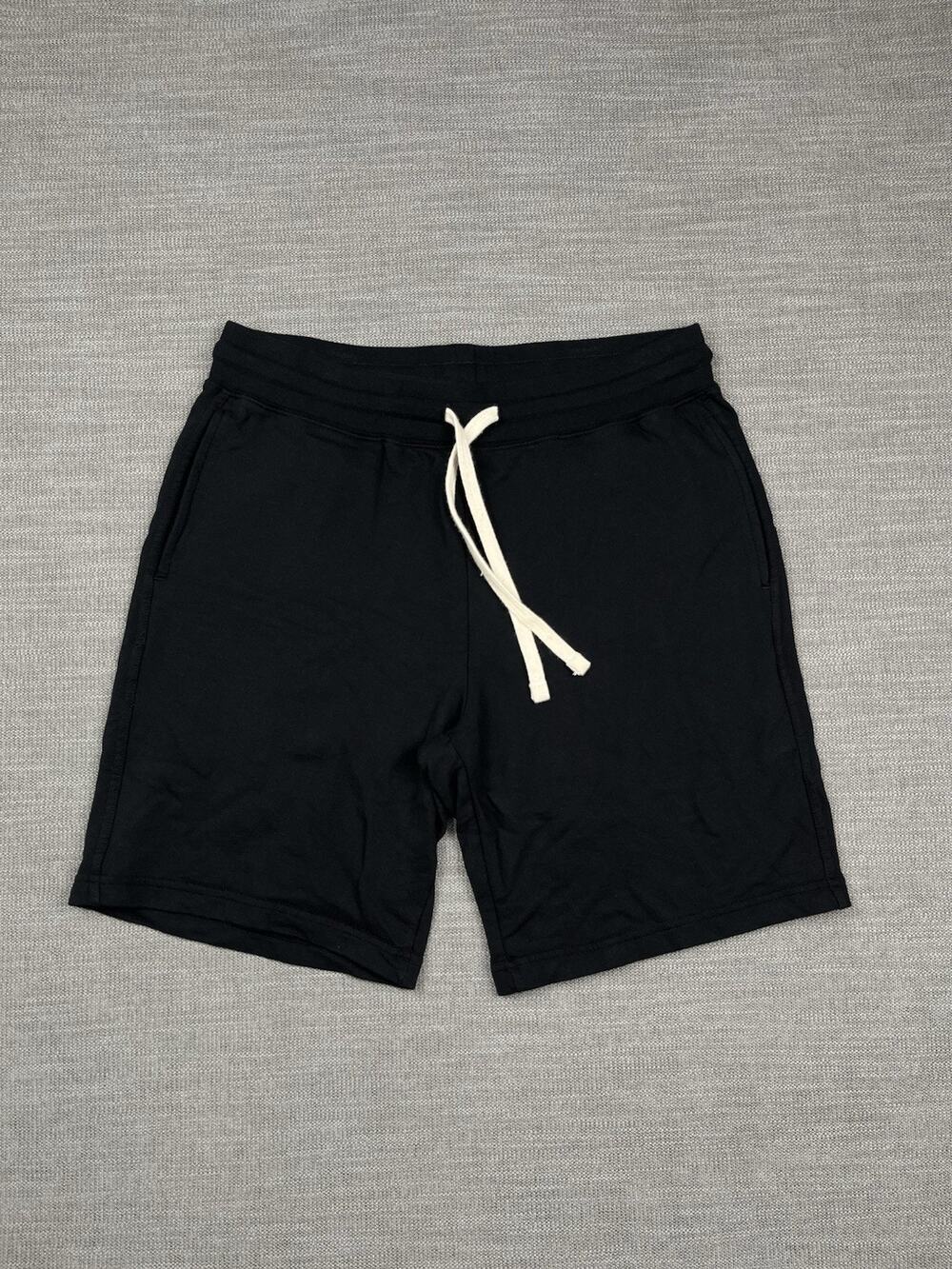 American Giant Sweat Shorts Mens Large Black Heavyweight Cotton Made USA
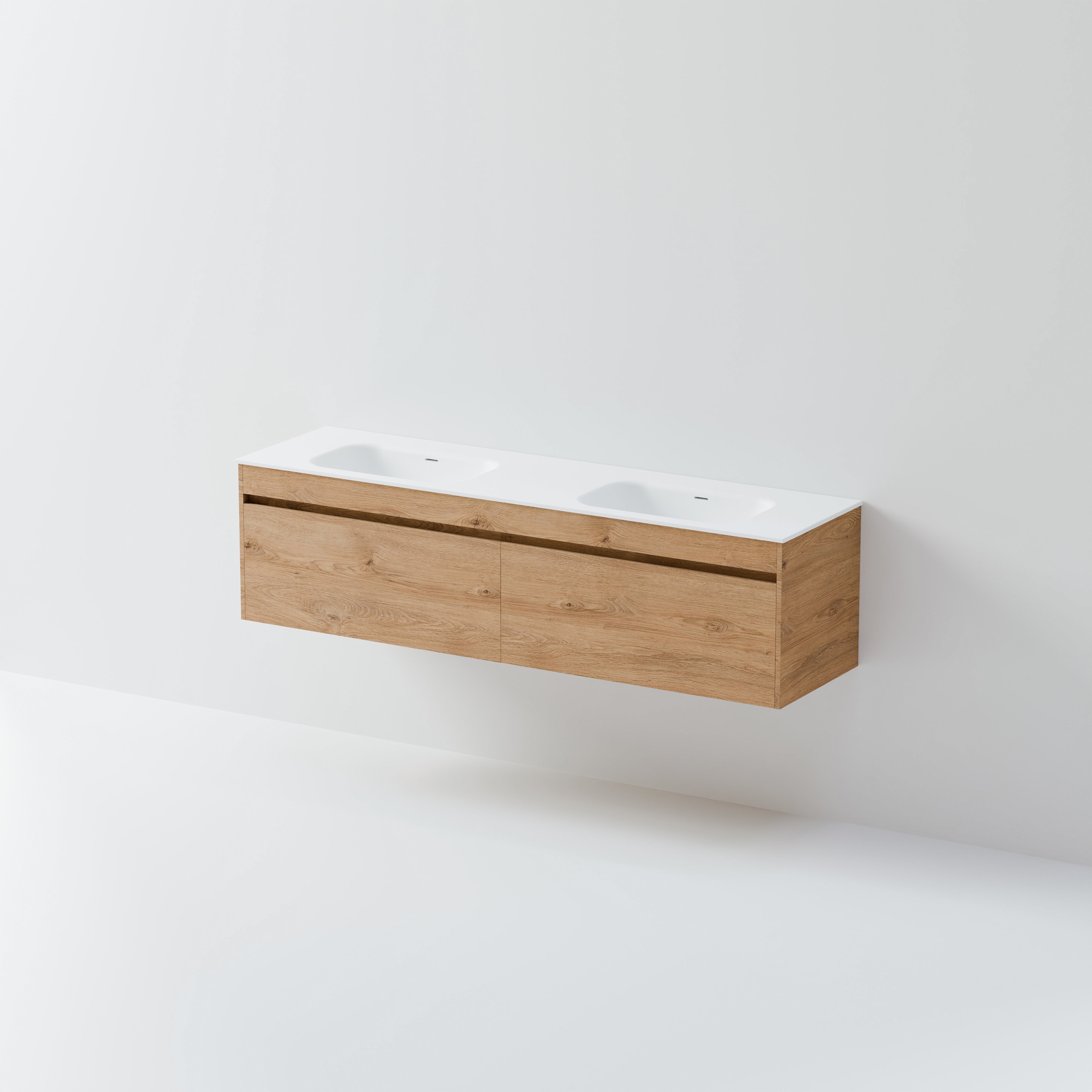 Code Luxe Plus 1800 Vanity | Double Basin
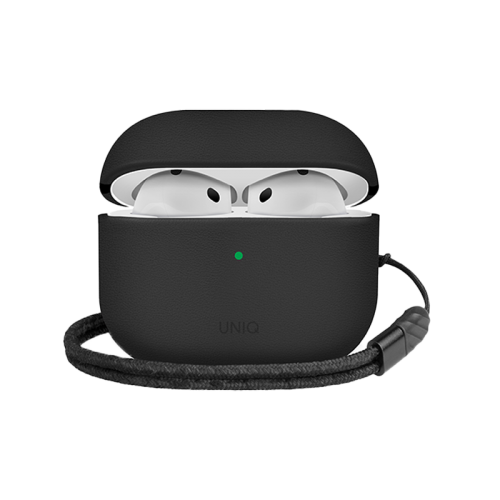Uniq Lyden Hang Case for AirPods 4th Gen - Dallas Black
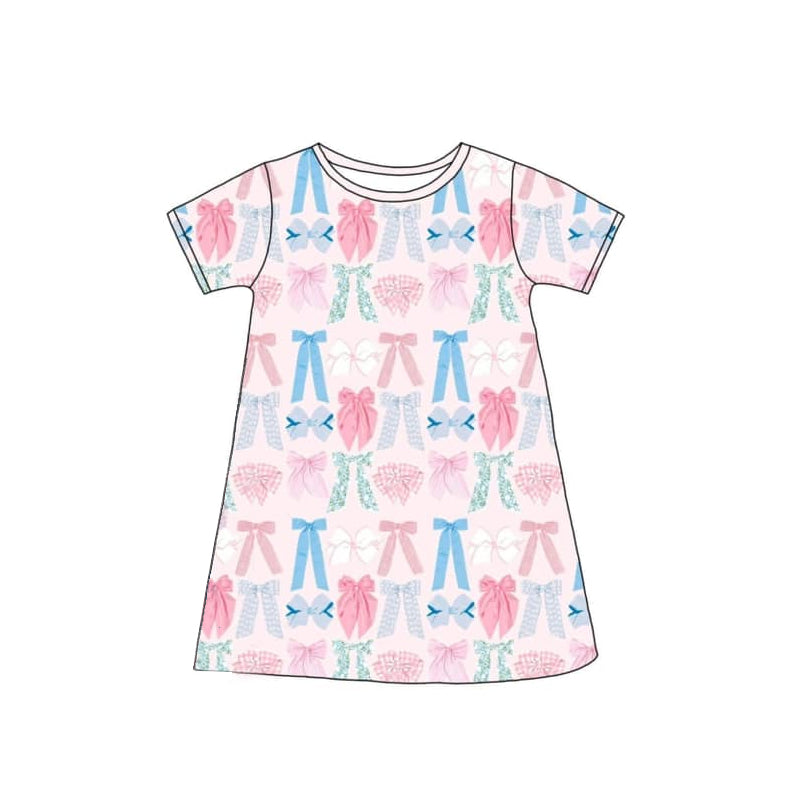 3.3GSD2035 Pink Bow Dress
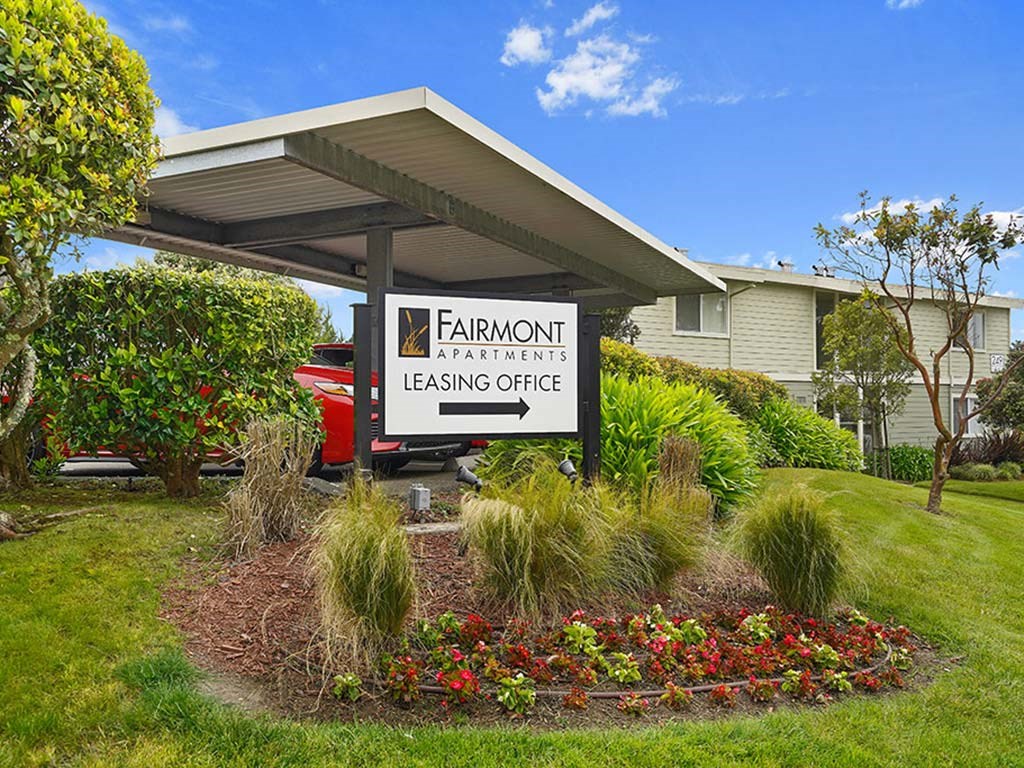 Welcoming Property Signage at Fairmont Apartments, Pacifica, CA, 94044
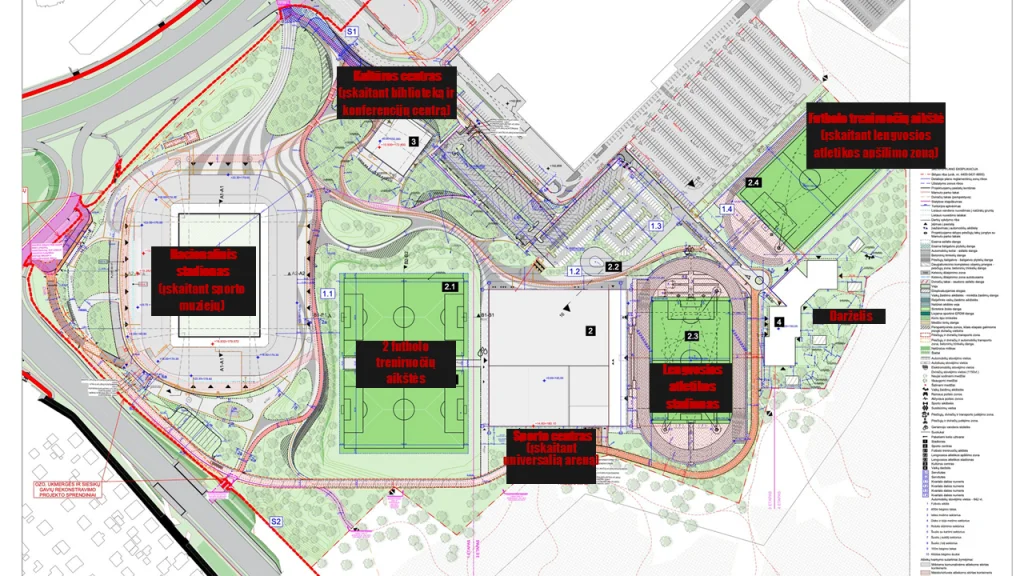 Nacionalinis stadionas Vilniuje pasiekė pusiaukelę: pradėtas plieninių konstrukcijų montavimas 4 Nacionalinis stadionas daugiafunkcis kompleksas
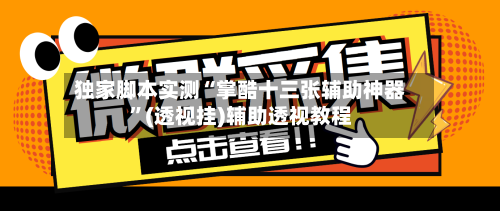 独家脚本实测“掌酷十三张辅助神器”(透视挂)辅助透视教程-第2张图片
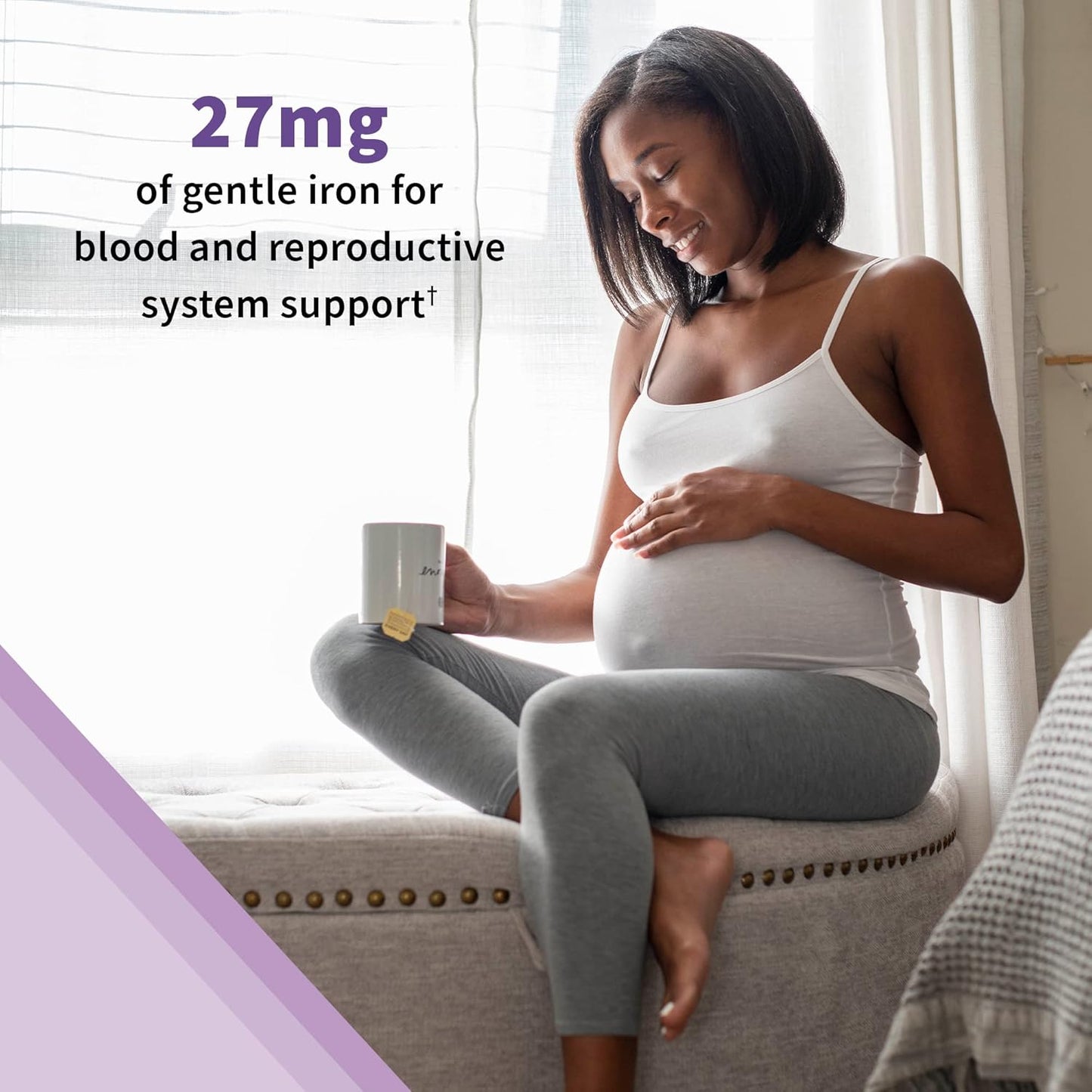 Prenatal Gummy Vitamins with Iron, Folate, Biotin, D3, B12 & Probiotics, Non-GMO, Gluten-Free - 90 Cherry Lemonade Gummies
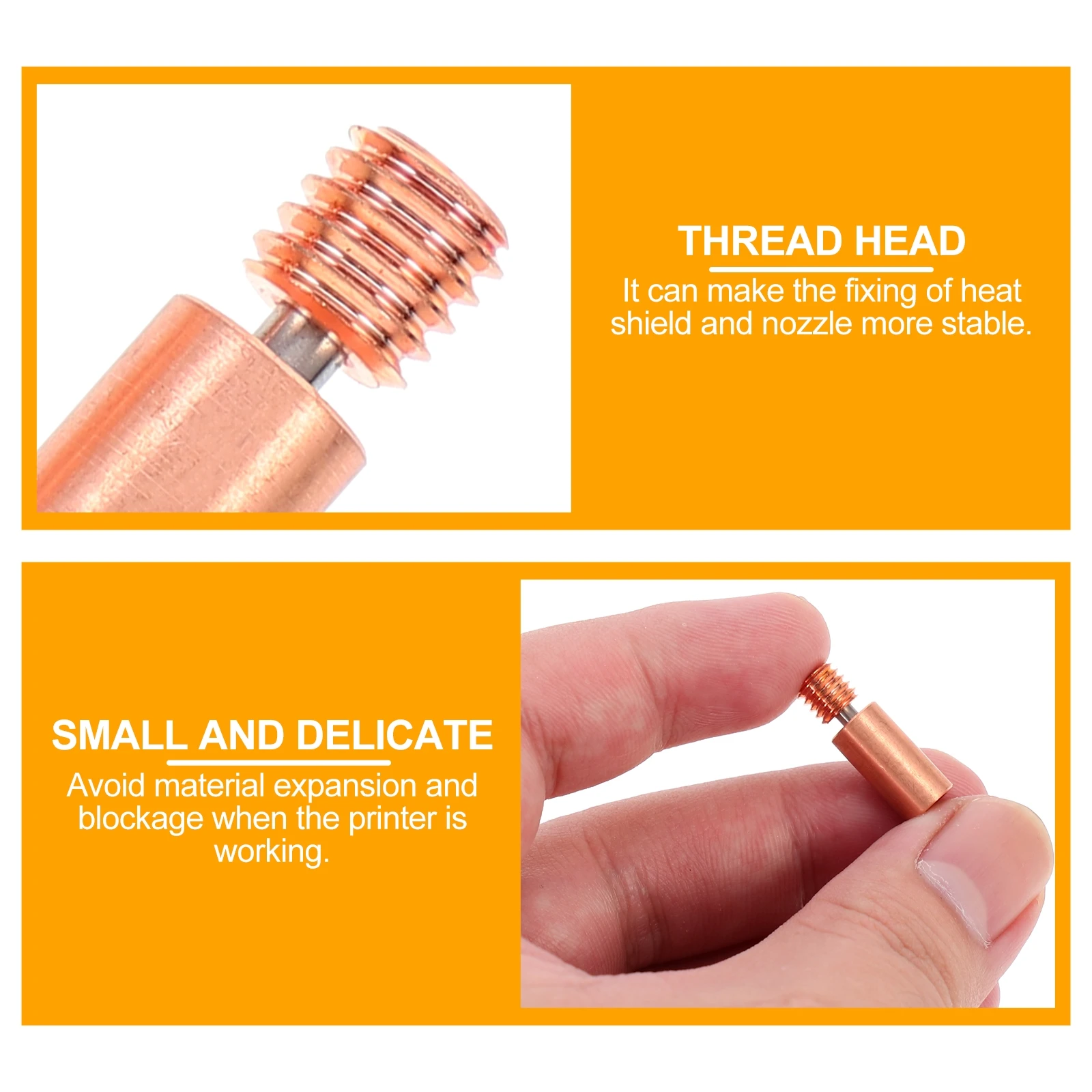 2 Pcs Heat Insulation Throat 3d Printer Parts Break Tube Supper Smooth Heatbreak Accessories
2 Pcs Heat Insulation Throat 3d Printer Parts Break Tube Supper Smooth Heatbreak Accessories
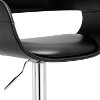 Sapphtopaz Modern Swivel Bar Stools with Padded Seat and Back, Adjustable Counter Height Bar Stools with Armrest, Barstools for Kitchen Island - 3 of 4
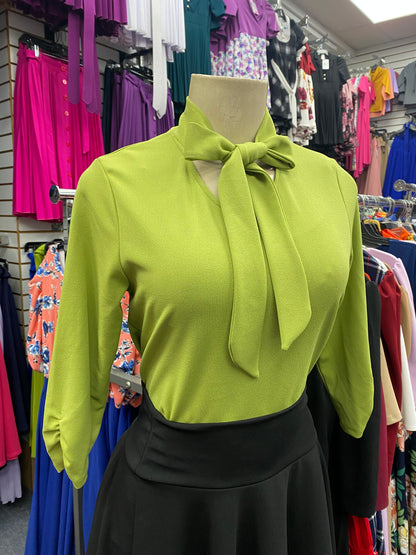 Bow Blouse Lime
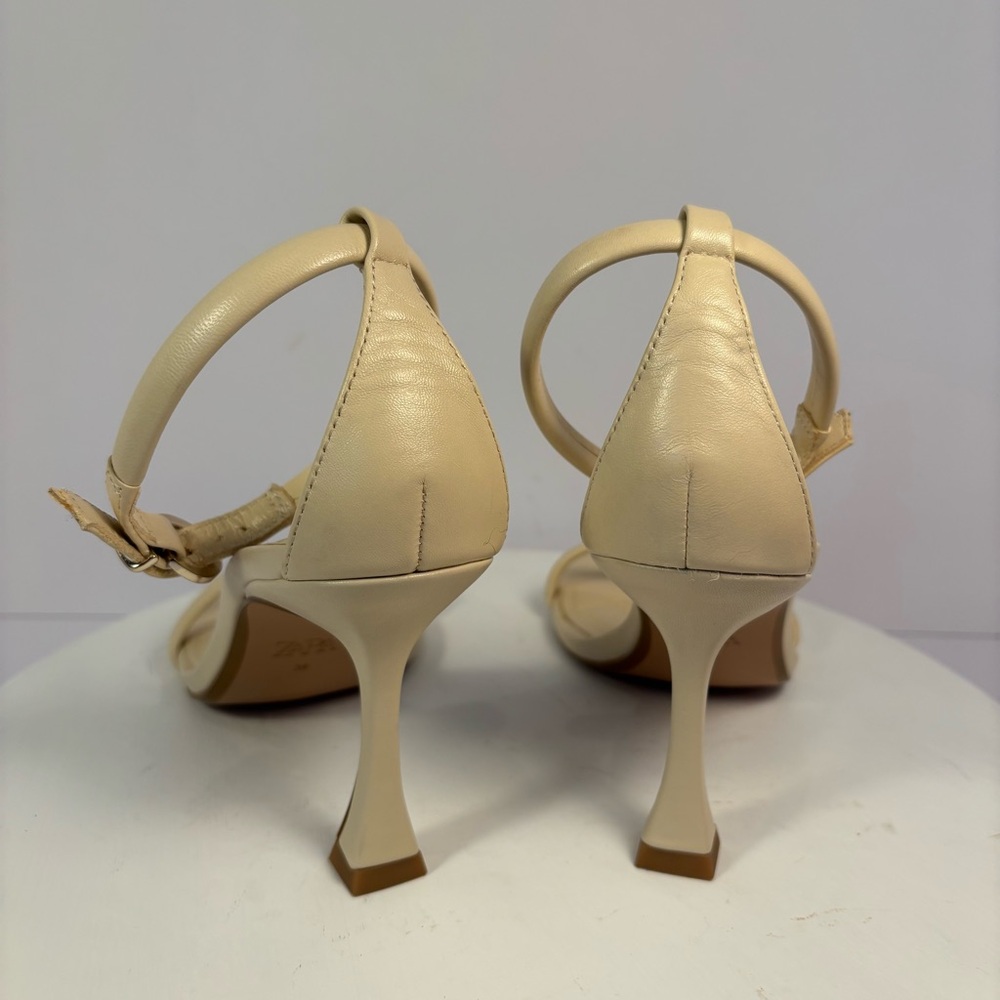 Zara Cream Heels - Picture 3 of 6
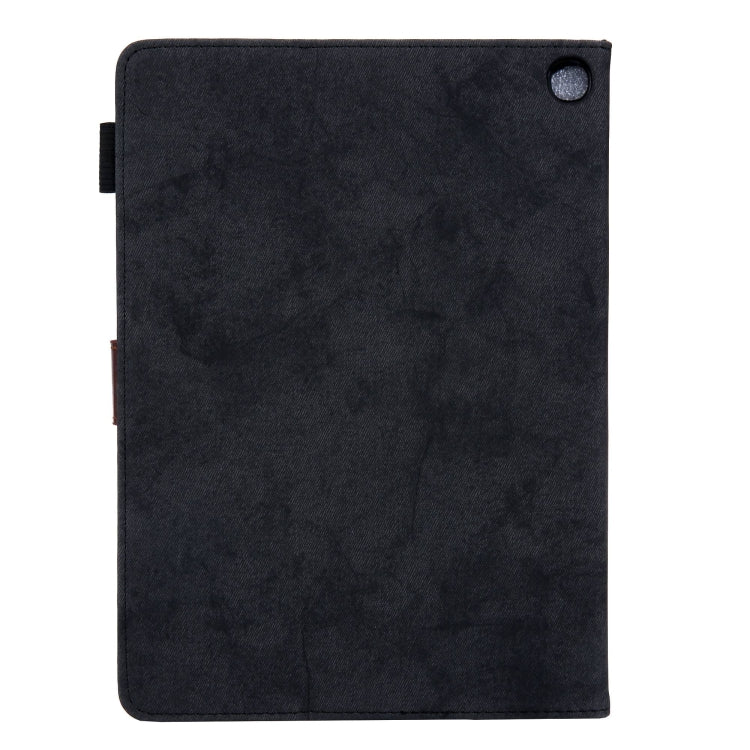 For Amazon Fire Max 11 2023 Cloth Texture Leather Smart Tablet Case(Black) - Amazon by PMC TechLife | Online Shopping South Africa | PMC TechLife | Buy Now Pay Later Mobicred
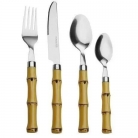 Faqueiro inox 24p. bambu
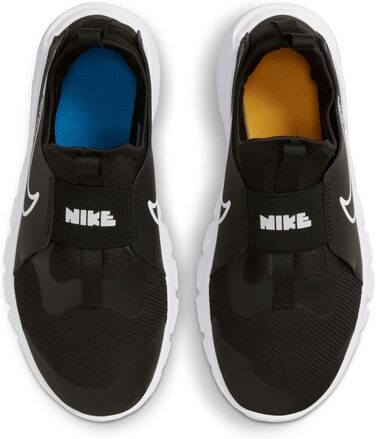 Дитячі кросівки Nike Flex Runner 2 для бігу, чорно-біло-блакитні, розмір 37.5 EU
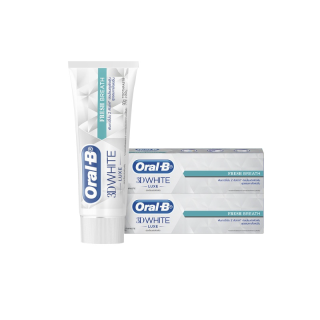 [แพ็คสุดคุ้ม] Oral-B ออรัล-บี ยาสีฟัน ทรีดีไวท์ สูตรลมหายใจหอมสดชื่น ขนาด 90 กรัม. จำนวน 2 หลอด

---*---

→ Problem details
Every line of the records above must reappear exactly, though the pictures must not.

→ Answer to the exercise
 American Giant Sweat Shorts Mens Large Black Heavyweight Cotton Made USA
 Code Luxe Plus 1800 Vanity | Double Basin
Uniq Lyden Hang Case for AirPods 4th Gen - Dallas Black
 3.3GSD2035 Pink Bow Dress
 Welcoming Property Signage at Fairmont Apartments, Pacifica, CA, 94044
 Nacionalinis stadionas Vilniuje pasiekė pusiaukelę: pradėtas plieninių konstrukcijų montavimas 4 Nacionalinis stadionas daugiafunkcis kompleksas
 独家脚本实测“掌酷十三张辅助神器”(透视挂)辅助透视教程-第2张图片
 Prenatal Gummy Vitamins with Iron, Folate, Biotin, D3, B12 & Probiotics, Non-GMO, Gluten-Free - 90 Cherry Lemonade Gummies
 2 Pcs Heat Insulation Throat 3d Printer Parts Break Tube Supper Smooth Heatbreak Accessories
2 Pcs Heat Insulation Throat 3d Printer Parts Break Tube Supper Smooth Heatbreak Accessories
 Sapphtopaz Modern Swivel Bar Stools with Padded Seat and Back, Adjustable Counter Height Bar Stools with Armrest, Barstools for Kitchen Island - 3 of 4
 Bow Blouse Lime
 Zara Cream Heels - Picture 3 of 6
 For Amazon Fire Max 11 2023 Cloth Texture Leather Smart Tablet Case(Black) - Amazon by PMC TechLife | Online Shopping South Africa | PMC TechLife | Buy Now Pay Later Mobicred
 Faqueiro inox 24p. bambu
 Дитячі кросівки Nike Flex Runner 2 для бігу, чорно-біло-блакитні, розмір 37.5 EU
 [แพ็คสุดคุ้ม] Oral-B ออรัล-บี ยาสีฟัน ทรีดีไวท์ สูตรลมหายใจหอมสดชื่น ขนาด 90 กรัม. จำนวน 2 หลอด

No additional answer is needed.